> **Records shown**
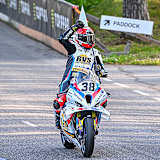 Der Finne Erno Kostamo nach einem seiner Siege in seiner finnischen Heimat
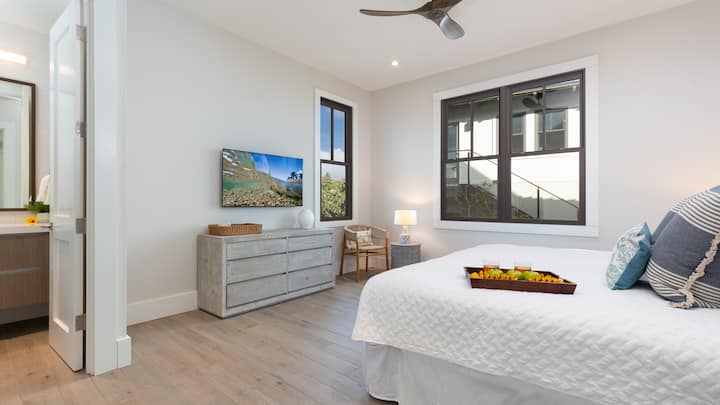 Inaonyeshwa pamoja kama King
==
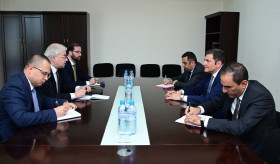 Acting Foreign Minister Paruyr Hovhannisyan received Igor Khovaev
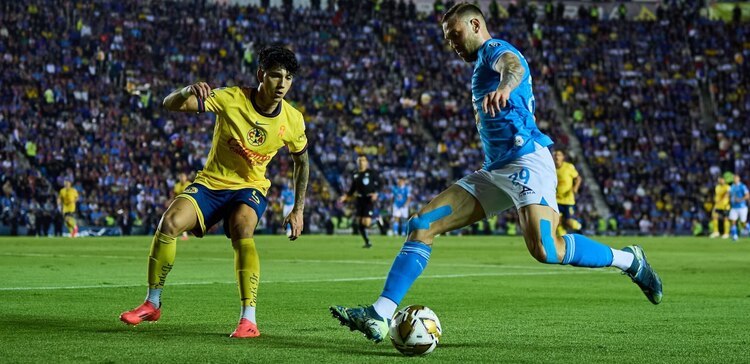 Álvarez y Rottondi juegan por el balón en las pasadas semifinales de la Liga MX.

> **Exercise instructions**
Exactly the lines starting at the one above with "Acting Foreign Minister" and ending at the one with "Álvarez y Rottondi" should be printed, and nothing else. Omit the pictures.

> **Written answer**
 Acting Foreign Minister Paruyr Hovhannisyan received Igor Khovaev
 Álvarez y Rottondi juegan por el balón en las pasadas semifinales de la Liga MX.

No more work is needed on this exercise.